◆ **TASK DESCRIPTION**
Repeat every entry, word for word, leaving no line out.

◆ **SUPPLIED ENTRIES**
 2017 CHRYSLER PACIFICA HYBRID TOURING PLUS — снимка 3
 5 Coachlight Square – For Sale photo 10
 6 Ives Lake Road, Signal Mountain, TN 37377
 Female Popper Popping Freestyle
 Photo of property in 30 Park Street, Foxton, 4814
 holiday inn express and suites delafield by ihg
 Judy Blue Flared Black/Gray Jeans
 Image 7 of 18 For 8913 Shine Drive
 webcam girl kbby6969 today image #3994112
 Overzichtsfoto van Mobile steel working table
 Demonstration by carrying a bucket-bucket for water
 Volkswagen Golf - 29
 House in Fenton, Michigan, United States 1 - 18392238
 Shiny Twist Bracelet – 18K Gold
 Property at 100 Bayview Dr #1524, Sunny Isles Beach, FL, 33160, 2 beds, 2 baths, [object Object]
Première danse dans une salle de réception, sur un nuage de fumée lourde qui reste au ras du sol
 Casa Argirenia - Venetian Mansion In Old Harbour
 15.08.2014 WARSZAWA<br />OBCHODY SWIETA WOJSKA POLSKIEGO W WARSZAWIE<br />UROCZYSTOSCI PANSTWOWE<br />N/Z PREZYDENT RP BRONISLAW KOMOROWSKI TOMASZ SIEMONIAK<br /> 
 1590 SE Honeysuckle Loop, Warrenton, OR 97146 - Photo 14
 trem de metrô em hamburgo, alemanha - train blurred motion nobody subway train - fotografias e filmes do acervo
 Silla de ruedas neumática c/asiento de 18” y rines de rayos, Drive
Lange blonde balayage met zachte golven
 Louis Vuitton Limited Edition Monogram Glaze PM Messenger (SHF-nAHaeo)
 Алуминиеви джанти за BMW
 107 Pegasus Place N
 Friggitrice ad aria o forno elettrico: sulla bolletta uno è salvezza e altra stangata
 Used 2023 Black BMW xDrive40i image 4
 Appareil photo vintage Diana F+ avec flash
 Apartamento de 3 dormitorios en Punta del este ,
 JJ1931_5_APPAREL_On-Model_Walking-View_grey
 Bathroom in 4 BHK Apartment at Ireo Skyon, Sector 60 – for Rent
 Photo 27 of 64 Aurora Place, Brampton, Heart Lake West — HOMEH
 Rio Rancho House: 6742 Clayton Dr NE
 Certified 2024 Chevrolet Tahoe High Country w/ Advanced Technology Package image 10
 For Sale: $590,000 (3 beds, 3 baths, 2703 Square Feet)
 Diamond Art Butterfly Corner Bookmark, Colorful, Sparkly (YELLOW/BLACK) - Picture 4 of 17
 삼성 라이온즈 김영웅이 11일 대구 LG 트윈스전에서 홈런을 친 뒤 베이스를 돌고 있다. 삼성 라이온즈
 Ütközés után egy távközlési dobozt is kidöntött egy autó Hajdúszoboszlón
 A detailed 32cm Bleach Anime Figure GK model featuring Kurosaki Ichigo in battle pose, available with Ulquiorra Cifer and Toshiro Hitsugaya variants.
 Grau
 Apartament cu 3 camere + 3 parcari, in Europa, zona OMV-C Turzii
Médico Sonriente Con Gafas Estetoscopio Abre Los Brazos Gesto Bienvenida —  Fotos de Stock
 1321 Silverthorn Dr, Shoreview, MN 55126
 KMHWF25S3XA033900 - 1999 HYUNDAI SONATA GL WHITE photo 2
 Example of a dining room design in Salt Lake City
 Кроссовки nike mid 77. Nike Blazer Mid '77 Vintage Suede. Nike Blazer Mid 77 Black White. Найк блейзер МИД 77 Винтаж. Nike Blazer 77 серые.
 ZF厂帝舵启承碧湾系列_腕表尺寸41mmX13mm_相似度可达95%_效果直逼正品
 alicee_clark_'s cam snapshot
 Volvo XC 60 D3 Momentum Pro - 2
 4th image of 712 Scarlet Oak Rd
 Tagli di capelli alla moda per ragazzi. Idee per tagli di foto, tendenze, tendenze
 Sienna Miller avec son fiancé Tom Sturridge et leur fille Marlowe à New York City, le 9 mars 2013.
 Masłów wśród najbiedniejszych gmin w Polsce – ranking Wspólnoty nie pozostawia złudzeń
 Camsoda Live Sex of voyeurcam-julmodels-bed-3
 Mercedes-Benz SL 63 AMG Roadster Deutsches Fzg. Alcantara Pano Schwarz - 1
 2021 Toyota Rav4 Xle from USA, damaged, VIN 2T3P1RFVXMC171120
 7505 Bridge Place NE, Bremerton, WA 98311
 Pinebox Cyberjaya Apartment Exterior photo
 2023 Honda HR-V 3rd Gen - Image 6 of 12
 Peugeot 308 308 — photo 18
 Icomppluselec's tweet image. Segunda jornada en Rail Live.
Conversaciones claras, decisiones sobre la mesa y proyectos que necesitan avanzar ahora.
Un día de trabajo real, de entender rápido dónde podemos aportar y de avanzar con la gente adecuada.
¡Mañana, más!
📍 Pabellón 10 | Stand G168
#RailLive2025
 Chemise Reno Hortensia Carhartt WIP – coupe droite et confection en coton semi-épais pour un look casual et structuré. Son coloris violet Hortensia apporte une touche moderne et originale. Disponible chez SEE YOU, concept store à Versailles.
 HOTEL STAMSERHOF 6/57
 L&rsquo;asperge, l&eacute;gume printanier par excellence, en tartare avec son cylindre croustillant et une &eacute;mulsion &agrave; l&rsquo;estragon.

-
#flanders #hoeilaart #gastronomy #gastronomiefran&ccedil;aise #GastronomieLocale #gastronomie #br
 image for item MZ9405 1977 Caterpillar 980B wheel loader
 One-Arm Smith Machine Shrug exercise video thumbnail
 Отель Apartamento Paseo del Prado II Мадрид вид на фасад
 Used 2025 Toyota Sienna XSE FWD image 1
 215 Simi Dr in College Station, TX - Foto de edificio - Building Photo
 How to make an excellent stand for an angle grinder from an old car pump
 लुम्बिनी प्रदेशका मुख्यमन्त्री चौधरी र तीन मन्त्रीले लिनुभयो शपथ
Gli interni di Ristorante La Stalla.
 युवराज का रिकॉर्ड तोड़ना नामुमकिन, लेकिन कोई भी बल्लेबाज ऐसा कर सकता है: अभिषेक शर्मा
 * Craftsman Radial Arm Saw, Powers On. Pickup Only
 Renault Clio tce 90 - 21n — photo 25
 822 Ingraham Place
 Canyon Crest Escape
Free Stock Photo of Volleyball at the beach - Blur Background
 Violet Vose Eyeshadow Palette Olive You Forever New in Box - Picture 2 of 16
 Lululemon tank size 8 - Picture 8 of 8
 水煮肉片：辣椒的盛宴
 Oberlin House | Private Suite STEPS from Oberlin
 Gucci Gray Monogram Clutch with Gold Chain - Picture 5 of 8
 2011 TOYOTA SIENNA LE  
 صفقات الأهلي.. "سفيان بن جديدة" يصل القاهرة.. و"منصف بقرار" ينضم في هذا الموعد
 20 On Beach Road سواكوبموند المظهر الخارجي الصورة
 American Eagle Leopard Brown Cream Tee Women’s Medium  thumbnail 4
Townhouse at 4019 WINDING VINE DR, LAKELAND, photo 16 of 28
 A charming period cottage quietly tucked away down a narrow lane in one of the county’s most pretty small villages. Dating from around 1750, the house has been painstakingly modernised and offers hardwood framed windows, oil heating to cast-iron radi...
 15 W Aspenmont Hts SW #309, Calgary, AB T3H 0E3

◆ **RESPONSE**
 2017 CHRYSLER PACIFICA HYBRID TOURING PLUS — снимка 3
 5 Coachlight Square – For Sale photo 10
 6 Ives Lake Road, Signal Mountain, TN 37377
 Female Popper Popping Freestyle
 Photo of property in 30 Park Street, Foxton, 4814
 holiday inn express and suites delafield by ihg
 Judy Blue Flared Black/Gray Jeans
 Image 7 of 18 For 8913 Shine Drive
 webcam girl kbby6969 today image #3994112
 Overzichtsfoto van Mobile steel working table
 Demonstration by carrying a bucket-bucket for water
 Volkswagen Golf - 29
 House in Fenton, Michigan, United States 1 - 18392238
 Shiny Twist Bracelet – 18K Gold
 Property at 100 Bayview Dr #1524, Sunny Isles Beach, FL, 33160, 2 beds, 2 baths, [object Object]
Première danse dans une salle de réception, sur un nuage de fumée lourde qui reste au ras du sol
 Casa Argirenia - Venetian Mansion In Old Harbour
 15.08.2014 WARSZAWA<br />OBCHODY SWIETA WOJSKA POLSKIEGO W WARSZAWIE<br />UROCZYSTOSCI PANSTWOWE<br />N/Z PREZYDENT RP BRONISLAW KOMOROWSKI TOMASZ SIEMONIAK<br /> 
 1590 SE Honeysuckle Loop, Warrenton, OR 97146 - Photo 14
 trem de metrô em hamburgo, alemanha - train blurred motion nobody subway train - fotografias e filmes do acervo
 Silla de ruedas neumática c/asiento de 18” y rines de rayos, Drive
Lange blonde balayage met zachte golven
 Louis Vuitton Limited Edition Monogram Glaze PM Messenger (SHF-nAHaeo)
 Алуминиеви джанти за BMW
 107 Pegasus Place N
 Friggitrice ad aria o forno elettrico: sulla bolletta uno è salvezza e altra stangata
 Used 2023 Black BMW xDrive40i image 4
 Appareil photo vintage Diana F+ avec flash
 Apartamento de 3 dormitorios en Punta del este ,
 JJ1931_5_APPAREL_On-Model_Walking-View_grey
 Bathroom in 4 BHK Apartment at Ireo Skyon, Sector 60 – for Rent
 Photo 27 of 64 Aurora Place, Brampton, Heart Lake West — HOMEH
 Rio Rancho House: 6742 Clayton Dr NE
 Certified 2024 Chevrolet Tahoe High Country w/ Advanced Technology Package image 10
 For Sale: $590,000 (3 beds, 3 baths, 2703 Square Feet)
 Diamond Art Butterfly Corner Bookmark, Colorful, Sparkly (YELLOW/BLACK) - Picture 4 of 17
 삼성 라이온즈 김영웅이 11일 대구 LG 트윈스전에서 홈런을 친 뒤 베이스를 돌고 있다. 삼성 라이온즈
 Ütközés után egy távközlési dobozt is kidöntött egy autó Hajdúszoboszlón
 A detailed 32cm Bleach Anime Figure GK model featuring Kurosaki Ichigo in battle pose, available with Ulquiorra Cifer and Toshiro Hitsugaya variants.
 Grau
 Apartament cu 3 camere + 3 parcari, in Europa, zona OMV-C Turzii
Médico Sonriente Con Gafas Estetoscopio Abre Los Brazos Gesto Bienvenida —  Fotos de Stock
 1321 Silverthorn Dr, Shoreview, MN 55126
 KMHWF25S3XA033900 - 1999 HYUNDAI SONATA GL WHITE photo 2
 Example of a dining room design in Salt Lake City
 Кроссовки nike mid 77. Nike Blazer Mid '77 Vintage Suede. Nike Blazer Mid 77 Black White. Найк блейзер МИД 77 Винтаж. Nike Blazer 77 серые.
 ZF厂帝舵启承碧湾系列_腕表尺寸41mmX13mm_相似度可达95%_效果直逼正品
 alicee_clark_'s cam snapshot
 Volvo XC 60 D3 Momentum Pro - 2
 4th image of 712 Scarlet Oak Rd
 Tagli di capelli alla moda per ragazzi. Idee per tagli di foto, tendenze, tendenze
 Sienna Miller avec son fiancé Tom Sturridge et leur fille Marlowe à New York City, le 9 mars 2013.
 Masłów wśród najbiedniejszych gmin w Polsce – ranking Wspólnoty nie pozostawia złudzeń
 Camsoda Live Sex of voyeurcam-julmodels-bed-3
 Mercedes-Benz SL 63 AMG Roadster Deutsches Fzg. Alcantara Pano Schwarz - 1
 2021 Toyota Rav4 Xle from USA, damaged, VIN 2T3P1RFVXMC171120
 7505 Bridge Place NE, Bremerton, WA 98311
 Pinebox Cyberjaya Apartment Exterior photo
 2023 Honda HR-V 3rd Gen - Image 6 of 12
 Peugeot 308 308 — photo 18
 Icomppluselec's tweet image. Segunda jornada en Rail Live.
Conversaciones claras, decisiones sobre la mesa y proyectos que necesitan avanzar ahora.
Un día de trabajo real, de entender rápido dónde podemos aportar y de avanzar con la gente adecuada.
¡Mañana, más!
📍 Pabellón 10 | Stand G168
#RailLive2025
 Chemise Reno Hortensia Carhartt WIP – coupe droite et confection en coton semi-épais pour un look casual et structuré. Son coloris violet Hortensia apporte une touche moderne et originale. Disponible chez SEE YOU, concept store à Versailles.
 HOTEL STAMSERHOF 6/57
 L&rsquo;asperge, l&eacute;gume printanier par excellence, en tartare avec son cylindre croustillant et une &eacute;mulsion &agrave; l&rsquo;estragon.

-
#flanders #hoeilaart #gastronomy #gastronomiefran&ccedil;aise #GastronomieLocale #gastronomie #br
 image for item MZ9405 1977 Caterpillar 980B wheel loader
 One-Arm Smith Machine Shrug exercise video thumbnail
 Отель Apartamento Paseo del Prado II Мадрид вид на фасад
 Used 2025 Toyota Sienna XSE FWD image 1
 215 Simi Dr in College Station, TX - Foto de edificio - Building Photo
 How to make an excellent stand for an angle grinder from an old car pump
 लुम्बिनी प्रदेशका मुख्यमन्त्री चौधरी र तीन मन्त्रीले लिनुभयो शपथ
Gli interni di Ristorante La Stalla.
 युवराज का रिकॉर्ड तोड़ना नामुमकिन, लेकिन कोई भी बल्लेबाज ऐसा कर सकता है: अभिषेक शर्मा
 * Craftsman Radial Arm Saw, Powers On. Pickup Only
 Renault Clio tce 90 - 21n — photo 25
 822 Ingraham Place
 Canyon Crest Escape
Free Stock Photo of Volleyball at the beach - Blur Background
 Violet Vose Eyeshadow Palette Olive You Forever New in Box - Picture 2 of 16
 Lululemon tank size 8 - Picture 8 of 8
 水煮肉片：辣椒的盛宴
 Oberlin House | Private Suite STEPS from Oberlin
 Gucci Gray Monogram Clutch with Gold Chain - Picture 5 of 8
 2011 TOYOTA SIENNA LE  
 صفقات الأهلي.. "سفيان بن جديدة" يصل القاهرة.. و"منصف بقرار" ينضم في هذا الموعد
 20 On Beach Road سواكوبموند المظهر الخارجي الصورة
 American Eagle Leopard Brown Cream Tee Women’s Medium  thumbnail 4
Townhouse at 4019 WINDING VINE DR, LAKELAND, photo 16 of 28
 A charming period cottage quietly tucked away down a narrow lane in one of the county’s most pretty small villages. Dating from around 1750, the house has been painstakingly modernised and offers hardwood framed windows, oil heating to cast-iron radi...
 15 W Aspenmont Hts SW #309, Calgary, AB T3H 0E3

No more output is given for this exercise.